Providers
Swival supports LM Studio for local inference, HuggingFace Inference API for hosted inference, and OpenRouter for multi-provider access through a single API. All provider calls are normalized through LiteLLM, so the runtime loop stays consistent while credential and model routing change per provider.
LM Studio
LM Studio is the default provider and usually requires no flags when the local server is already running with a loaded model.
At startup, Swival calls http://127.0.0.1:1234/api/v1/models unless you override --base-url. It looks for the first model entry with type: "llm" and a non-empty loaded_instances array, then extracts the model identifier and current context length from that payload. If no loaded model is found, Swival exits and asks you to load a model or pass --model explicitly.
If LM Studio is running on another host or port, set --base-url.
swival --base-url http://192.168.1.100:1234 "task"
If you want to bypass auto-discovery, pass --model.
swival --model "qwen3-coder-next" "task"
If you pass --max-context-tokens, Swival may reload the model through LM Studio's /api/v1/models/load endpoint.
swival --max-context-tokens 131072 "task"
If the requested value already matches the loaded context length, no reload happens. When a reload is required, it can take noticeable time depending on model size and hardware.
Internally, LM Studio calls are routed through LiteLLM as an OpenAI-compatible endpoint. Swival sends the model as openai/<model_id>, sets api_base to <base_url>/v1, and uses the placeholder API key lm-studio.
HuggingFace Inference API
For HuggingFace, --model is required and must be in org/model format. Authentication comes from HF_TOKEN by default or --api-key if you pass one explicitly.
export HF_TOKEN=hf_your_token_here
swival --provider huggingface --model zai-org/GLM-5 "task"
Serverless HuggingFace endpoints often expose smaller context windows than local deployments, so long multi-turn coding sessions can hit context pressure sooner.
For dedicated endpoints, keep the same model identifier and pass your endpoint URL and key.
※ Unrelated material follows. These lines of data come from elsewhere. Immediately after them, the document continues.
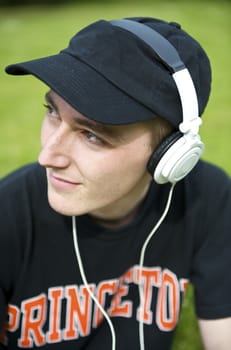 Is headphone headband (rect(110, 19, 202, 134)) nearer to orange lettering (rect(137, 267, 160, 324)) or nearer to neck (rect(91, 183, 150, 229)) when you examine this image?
neck (rect(91, 183, 150, 229))

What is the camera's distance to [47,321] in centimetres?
190

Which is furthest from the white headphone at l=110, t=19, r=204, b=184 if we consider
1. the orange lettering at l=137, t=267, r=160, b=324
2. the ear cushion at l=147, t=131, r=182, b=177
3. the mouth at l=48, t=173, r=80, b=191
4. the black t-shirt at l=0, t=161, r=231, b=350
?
the orange lettering at l=137, t=267, r=160, b=324

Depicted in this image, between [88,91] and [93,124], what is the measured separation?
94 mm

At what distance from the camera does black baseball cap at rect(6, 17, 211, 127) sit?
4.78 ft

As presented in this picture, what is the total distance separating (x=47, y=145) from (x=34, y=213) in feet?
1.07

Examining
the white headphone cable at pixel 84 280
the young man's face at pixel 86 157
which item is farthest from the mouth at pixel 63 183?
the white headphone cable at pixel 84 280

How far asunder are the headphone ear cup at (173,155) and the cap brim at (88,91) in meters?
0.11

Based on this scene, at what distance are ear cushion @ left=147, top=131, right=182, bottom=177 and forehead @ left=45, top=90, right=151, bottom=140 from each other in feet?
0.21

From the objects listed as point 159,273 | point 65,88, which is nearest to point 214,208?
point 159,273

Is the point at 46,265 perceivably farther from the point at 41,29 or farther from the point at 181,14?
the point at 181,14

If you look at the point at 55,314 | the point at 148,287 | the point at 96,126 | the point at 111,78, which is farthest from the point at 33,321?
the point at 111,78

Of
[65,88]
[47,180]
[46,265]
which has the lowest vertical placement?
[46,265]

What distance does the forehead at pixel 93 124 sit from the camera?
1512mm

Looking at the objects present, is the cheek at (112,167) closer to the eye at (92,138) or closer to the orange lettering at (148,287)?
the eye at (92,138) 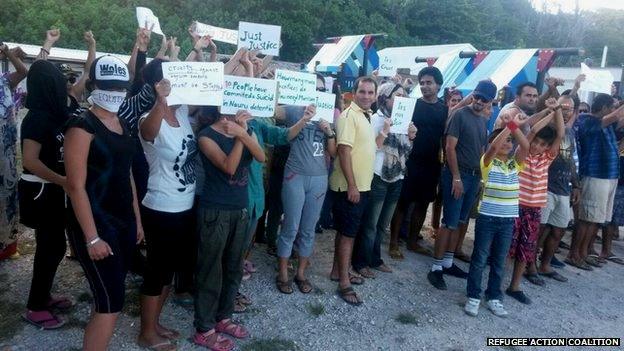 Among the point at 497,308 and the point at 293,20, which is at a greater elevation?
the point at 293,20

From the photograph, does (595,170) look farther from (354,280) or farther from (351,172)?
(351,172)

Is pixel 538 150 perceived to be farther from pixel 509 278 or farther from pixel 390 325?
pixel 390 325

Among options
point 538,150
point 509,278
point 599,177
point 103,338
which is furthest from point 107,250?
point 599,177

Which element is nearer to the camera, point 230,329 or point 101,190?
point 101,190

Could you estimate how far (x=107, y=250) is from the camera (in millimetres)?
2592

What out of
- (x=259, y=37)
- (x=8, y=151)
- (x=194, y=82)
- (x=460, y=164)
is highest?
(x=259, y=37)

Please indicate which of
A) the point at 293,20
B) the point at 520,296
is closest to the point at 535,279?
the point at 520,296

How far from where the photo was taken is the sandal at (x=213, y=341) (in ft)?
11.2

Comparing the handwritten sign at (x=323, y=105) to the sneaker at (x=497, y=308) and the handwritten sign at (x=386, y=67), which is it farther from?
the handwritten sign at (x=386, y=67)

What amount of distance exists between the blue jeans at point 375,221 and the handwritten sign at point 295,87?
4.28 feet

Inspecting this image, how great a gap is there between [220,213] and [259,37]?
2.22 m

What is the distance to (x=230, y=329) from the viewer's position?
364 centimetres

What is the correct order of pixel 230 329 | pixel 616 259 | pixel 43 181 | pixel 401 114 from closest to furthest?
pixel 43 181 → pixel 230 329 → pixel 401 114 → pixel 616 259

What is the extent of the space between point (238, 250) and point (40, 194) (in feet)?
5.14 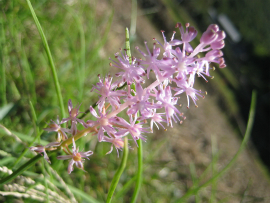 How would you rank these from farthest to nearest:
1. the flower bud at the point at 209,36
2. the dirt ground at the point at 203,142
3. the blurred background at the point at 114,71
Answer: the dirt ground at the point at 203,142 → the blurred background at the point at 114,71 → the flower bud at the point at 209,36

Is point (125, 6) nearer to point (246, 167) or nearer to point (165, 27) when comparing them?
point (165, 27)

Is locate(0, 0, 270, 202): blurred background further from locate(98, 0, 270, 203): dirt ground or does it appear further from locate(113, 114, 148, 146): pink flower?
locate(113, 114, 148, 146): pink flower

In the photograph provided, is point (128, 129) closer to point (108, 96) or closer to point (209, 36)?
point (108, 96)

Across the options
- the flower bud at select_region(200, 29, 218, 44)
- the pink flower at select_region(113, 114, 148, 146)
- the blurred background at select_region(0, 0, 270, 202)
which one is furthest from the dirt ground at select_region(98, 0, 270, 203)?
the flower bud at select_region(200, 29, 218, 44)

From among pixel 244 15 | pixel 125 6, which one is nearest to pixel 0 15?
pixel 125 6

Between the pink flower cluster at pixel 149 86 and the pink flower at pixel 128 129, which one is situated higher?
the pink flower cluster at pixel 149 86

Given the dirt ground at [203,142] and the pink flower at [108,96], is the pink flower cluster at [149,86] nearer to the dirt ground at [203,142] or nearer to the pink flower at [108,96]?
the pink flower at [108,96]

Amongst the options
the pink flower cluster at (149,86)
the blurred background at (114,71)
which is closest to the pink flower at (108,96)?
the pink flower cluster at (149,86) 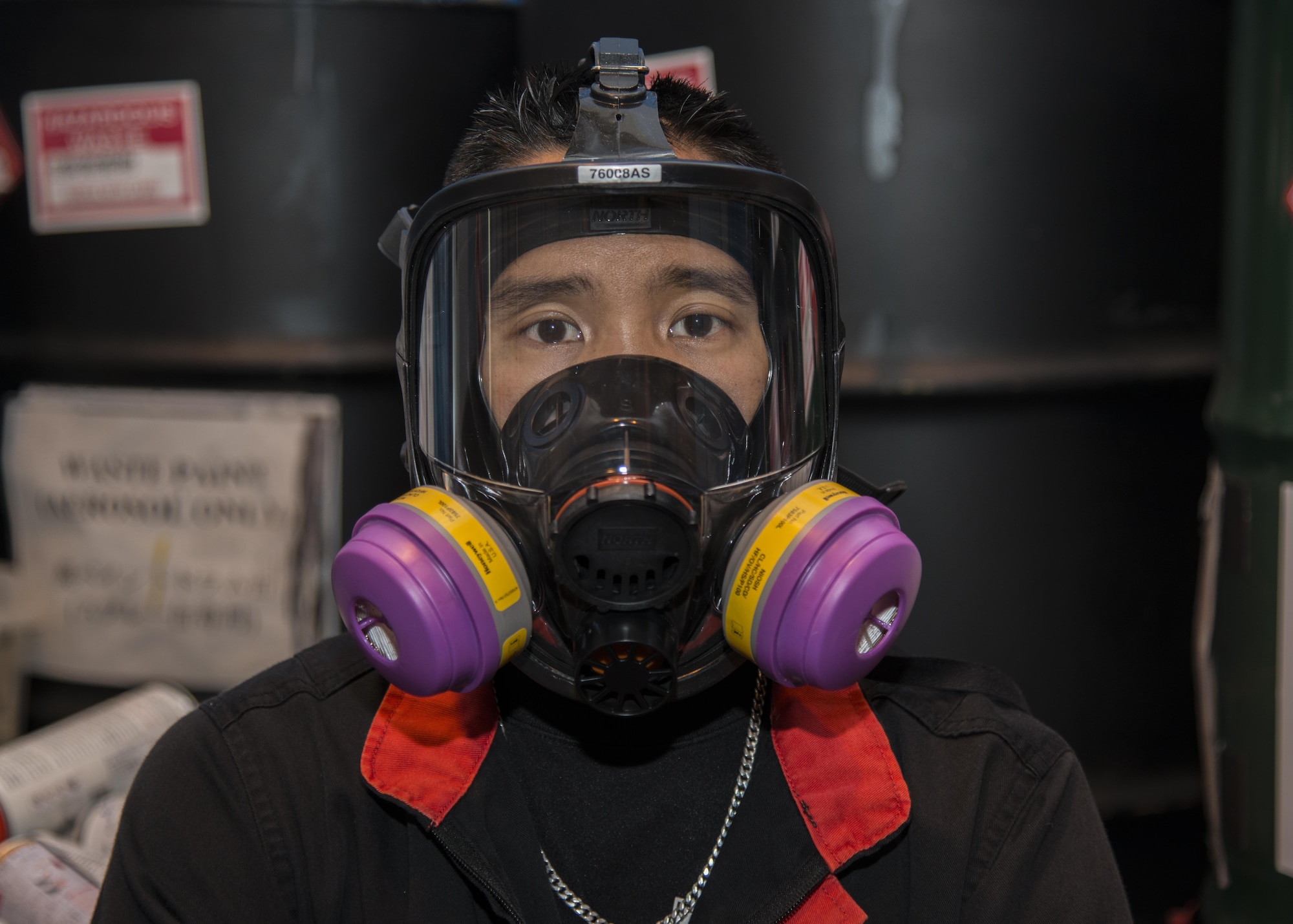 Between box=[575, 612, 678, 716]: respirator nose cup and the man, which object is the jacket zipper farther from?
box=[575, 612, 678, 716]: respirator nose cup

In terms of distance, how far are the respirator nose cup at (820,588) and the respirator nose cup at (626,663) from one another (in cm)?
9

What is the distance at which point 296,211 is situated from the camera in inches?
96.7

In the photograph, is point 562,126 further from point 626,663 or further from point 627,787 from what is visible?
point 627,787

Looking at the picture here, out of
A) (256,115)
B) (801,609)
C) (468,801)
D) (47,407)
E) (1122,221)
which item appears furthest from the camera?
(47,407)

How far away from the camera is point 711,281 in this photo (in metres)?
1.35

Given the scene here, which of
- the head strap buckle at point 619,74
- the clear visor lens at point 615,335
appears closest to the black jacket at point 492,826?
the clear visor lens at point 615,335

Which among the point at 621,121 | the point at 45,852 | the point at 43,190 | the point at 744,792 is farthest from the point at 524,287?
the point at 43,190

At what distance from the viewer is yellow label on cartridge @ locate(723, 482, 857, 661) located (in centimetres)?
119

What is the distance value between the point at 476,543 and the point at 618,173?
1.38 feet

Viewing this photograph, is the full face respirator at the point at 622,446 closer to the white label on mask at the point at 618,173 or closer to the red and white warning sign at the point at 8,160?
the white label on mask at the point at 618,173

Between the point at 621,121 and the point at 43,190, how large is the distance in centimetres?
181

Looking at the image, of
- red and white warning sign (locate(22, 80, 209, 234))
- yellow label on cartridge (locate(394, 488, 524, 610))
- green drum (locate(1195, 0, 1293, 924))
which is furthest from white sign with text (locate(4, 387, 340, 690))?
green drum (locate(1195, 0, 1293, 924))

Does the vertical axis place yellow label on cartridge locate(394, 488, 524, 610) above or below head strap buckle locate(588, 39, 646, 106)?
below

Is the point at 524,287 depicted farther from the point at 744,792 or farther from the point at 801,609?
the point at 744,792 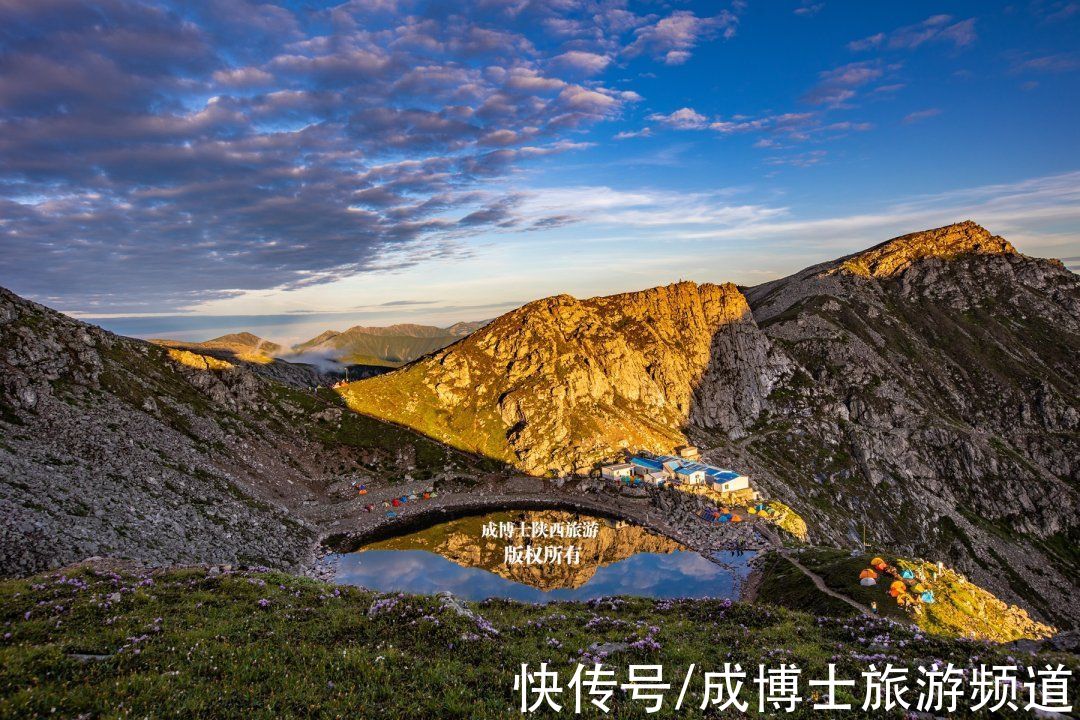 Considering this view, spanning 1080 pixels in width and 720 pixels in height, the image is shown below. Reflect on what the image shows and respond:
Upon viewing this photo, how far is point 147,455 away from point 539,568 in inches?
2881

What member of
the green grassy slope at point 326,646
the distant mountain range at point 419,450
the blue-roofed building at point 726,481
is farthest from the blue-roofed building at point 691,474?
the green grassy slope at point 326,646

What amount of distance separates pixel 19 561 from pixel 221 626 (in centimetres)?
3843

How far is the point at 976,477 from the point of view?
6895 inches

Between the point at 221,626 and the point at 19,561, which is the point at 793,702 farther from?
the point at 19,561

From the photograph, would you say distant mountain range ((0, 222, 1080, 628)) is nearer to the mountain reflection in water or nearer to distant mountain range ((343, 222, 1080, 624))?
distant mountain range ((343, 222, 1080, 624))

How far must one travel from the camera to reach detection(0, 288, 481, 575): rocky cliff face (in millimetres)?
55812

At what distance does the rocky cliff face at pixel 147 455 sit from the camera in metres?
55.8

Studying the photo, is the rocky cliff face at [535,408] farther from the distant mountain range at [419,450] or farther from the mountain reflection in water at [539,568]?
the mountain reflection in water at [539,568]

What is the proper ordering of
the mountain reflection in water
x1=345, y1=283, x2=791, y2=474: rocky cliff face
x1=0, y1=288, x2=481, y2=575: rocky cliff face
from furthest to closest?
x1=345, y1=283, x2=791, y2=474: rocky cliff face < the mountain reflection in water < x1=0, y1=288, x2=481, y2=575: rocky cliff face

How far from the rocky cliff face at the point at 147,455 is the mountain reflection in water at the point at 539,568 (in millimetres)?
17738

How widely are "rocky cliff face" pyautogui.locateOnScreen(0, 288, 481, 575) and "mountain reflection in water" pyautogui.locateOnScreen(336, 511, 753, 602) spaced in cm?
1774

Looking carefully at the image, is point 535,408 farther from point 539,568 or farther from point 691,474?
point 539,568

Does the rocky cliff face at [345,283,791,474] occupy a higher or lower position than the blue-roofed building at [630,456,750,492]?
higher

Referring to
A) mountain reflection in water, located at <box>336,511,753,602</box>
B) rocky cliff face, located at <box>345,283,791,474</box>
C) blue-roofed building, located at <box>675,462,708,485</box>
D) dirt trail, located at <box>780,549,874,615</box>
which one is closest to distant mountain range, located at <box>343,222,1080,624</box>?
rocky cliff face, located at <box>345,283,791,474</box> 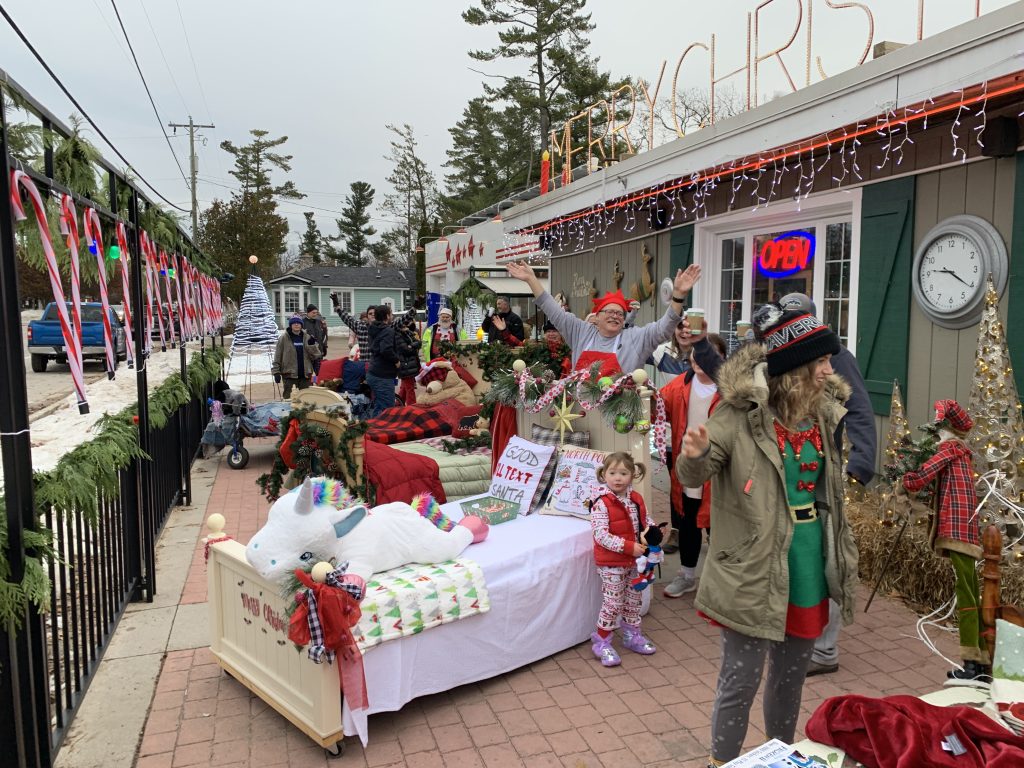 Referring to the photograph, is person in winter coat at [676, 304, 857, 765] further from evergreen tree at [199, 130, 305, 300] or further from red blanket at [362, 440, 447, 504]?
evergreen tree at [199, 130, 305, 300]

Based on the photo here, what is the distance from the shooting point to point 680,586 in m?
4.86

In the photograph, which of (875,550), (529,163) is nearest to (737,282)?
(875,550)

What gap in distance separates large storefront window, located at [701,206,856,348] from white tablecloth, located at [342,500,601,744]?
3.39 metres

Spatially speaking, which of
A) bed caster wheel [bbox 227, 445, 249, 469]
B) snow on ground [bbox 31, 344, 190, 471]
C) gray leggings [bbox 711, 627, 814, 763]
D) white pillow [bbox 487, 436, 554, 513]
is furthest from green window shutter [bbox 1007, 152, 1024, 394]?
bed caster wheel [bbox 227, 445, 249, 469]

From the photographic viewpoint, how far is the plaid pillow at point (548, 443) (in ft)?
15.9

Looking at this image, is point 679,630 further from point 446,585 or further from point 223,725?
point 223,725

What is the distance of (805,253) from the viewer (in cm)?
684

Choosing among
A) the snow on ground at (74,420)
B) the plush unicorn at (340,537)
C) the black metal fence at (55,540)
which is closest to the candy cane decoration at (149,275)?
the black metal fence at (55,540)

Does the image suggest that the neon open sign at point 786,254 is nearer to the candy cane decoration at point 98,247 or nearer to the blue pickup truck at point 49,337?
the candy cane decoration at point 98,247

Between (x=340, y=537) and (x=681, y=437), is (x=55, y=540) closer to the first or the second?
(x=340, y=537)

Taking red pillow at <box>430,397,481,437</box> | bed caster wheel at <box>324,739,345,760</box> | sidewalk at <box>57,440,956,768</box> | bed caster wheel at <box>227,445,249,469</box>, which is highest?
red pillow at <box>430,397,481,437</box>

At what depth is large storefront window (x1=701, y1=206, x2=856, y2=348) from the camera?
644 centimetres

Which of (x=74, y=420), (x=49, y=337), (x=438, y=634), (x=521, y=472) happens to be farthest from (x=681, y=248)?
(x=49, y=337)

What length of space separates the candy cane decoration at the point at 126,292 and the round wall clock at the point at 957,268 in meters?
5.45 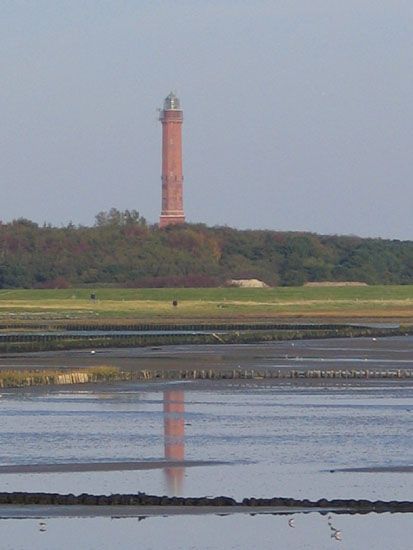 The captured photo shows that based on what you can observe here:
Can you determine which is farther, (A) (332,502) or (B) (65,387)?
(B) (65,387)

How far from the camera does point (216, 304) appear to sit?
93875mm

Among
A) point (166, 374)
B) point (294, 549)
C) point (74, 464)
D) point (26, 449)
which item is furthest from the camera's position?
point (166, 374)

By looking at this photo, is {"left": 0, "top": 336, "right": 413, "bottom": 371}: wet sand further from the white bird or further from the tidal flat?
the white bird

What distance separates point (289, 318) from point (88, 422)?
50.7 m

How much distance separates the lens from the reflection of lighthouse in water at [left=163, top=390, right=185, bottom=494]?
2109 centimetres

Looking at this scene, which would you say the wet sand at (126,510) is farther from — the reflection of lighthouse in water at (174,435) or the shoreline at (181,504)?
the reflection of lighthouse in water at (174,435)

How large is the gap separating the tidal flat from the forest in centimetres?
7851

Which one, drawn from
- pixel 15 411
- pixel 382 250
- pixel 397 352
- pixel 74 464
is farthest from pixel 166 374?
pixel 382 250

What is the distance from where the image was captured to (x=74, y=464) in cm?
2244

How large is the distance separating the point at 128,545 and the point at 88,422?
11700 mm

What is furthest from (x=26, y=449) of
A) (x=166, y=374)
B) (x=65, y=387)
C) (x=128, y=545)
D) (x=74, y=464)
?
(x=166, y=374)

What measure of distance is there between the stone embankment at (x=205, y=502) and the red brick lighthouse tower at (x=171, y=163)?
98.2 metres

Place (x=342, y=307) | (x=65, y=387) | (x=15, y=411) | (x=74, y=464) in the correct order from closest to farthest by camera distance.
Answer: (x=74, y=464), (x=15, y=411), (x=65, y=387), (x=342, y=307)

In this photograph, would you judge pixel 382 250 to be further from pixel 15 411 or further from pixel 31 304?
pixel 15 411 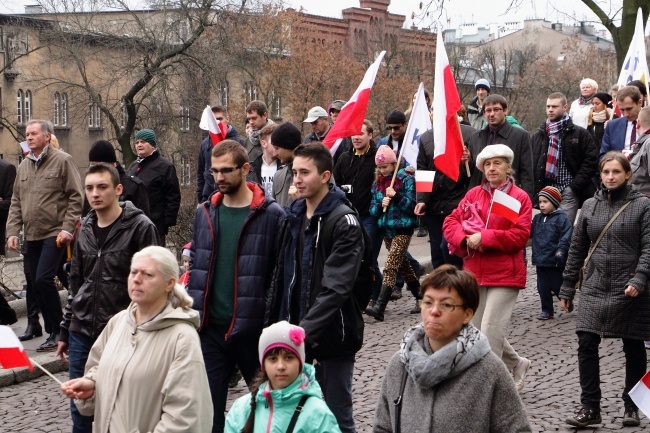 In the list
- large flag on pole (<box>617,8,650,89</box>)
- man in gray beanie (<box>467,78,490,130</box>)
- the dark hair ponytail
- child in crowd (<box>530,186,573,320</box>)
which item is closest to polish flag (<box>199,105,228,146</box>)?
child in crowd (<box>530,186,573,320</box>)

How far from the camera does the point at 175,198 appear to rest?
1125 centimetres

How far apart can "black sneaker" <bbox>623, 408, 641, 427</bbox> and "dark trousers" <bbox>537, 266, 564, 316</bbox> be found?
3.86 meters

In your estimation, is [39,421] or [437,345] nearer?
[437,345]

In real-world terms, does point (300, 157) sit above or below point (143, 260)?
above

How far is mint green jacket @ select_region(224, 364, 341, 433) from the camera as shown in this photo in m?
4.98

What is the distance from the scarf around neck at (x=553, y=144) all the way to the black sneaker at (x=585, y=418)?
4.87 m

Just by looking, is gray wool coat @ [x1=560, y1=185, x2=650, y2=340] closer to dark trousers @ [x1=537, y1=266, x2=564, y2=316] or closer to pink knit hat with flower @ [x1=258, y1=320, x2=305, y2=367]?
pink knit hat with flower @ [x1=258, y1=320, x2=305, y2=367]

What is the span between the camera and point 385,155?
1159 centimetres

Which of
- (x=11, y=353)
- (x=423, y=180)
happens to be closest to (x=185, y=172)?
(x=423, y=180)

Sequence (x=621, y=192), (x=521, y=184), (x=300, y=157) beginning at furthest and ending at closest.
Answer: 1. (x=521, y=184)
2. (x=621, y=192)
3. (x=300, y=157)

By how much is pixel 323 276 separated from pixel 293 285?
0.26 metres

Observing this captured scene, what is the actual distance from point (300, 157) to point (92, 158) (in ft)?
11.6

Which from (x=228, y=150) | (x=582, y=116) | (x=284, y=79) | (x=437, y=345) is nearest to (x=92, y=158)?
(x=228, y=150)

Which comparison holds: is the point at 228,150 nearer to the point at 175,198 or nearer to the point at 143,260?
the point at 143,260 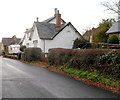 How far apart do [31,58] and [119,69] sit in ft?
49.0

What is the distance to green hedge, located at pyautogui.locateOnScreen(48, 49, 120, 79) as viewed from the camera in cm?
801

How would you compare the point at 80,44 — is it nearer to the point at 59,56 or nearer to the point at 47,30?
the point at 47,30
swival --provider huggingface \
--model zai-org/GLM-5 \
--base-url https://xyz.endpoints.huggingface.cloud \
--api-key hf_your_key \
"task"
Internally, Swival normalizes the model to huggingface/<model_id> for LiteLLM and strips an existing huggingface/ prefix if you already included it. If --base-url is set, it is forwarded as api_base.
Dedicated endpoints usually let you use the full deployed model context window rather than tighter serverless limits.
OpenRouter
For OpenRouter, --model is required and authentication comes from OPENROUTER_API_KEY or --api-key.
export OPENROUTER_API_KEY=sk_or_your_token_here
swival --provider openrouter --model openrouter/free "task"
If you use an OpenRouter-compatible custom endpoint, set --base-url.
swival --provider openrouter \
--model openrouter/free \
--base-url https://custom.openrouter.endpoint \
--api-key sk_or_key \
"task"
OpenRouter models vary widely in context limits, so you should set --max-context-tokens to match the model you chose.
swival --provider openrouter --model openrouter/free \
--max-context-tokens 131072 "task"
Internally, Swival normalizes OpenRouter models to LiteLLM's openrouter/... format. If you already pass a fully prefixed value like openrouter/openrouter/free, Swival keeps it stable instead of adding another prefix.
Adding More Providers Later
Because API calls are already abstracted behind LiteLLM, adding a provider is mostly a matter of argument validation, model normalization, and credential wiring. The provider-specific branch in call_llm() is intentionally compact so new providers can be added without changing the rest of the agent loop.
In practice, each provider branch is only about ten lines of routing logic.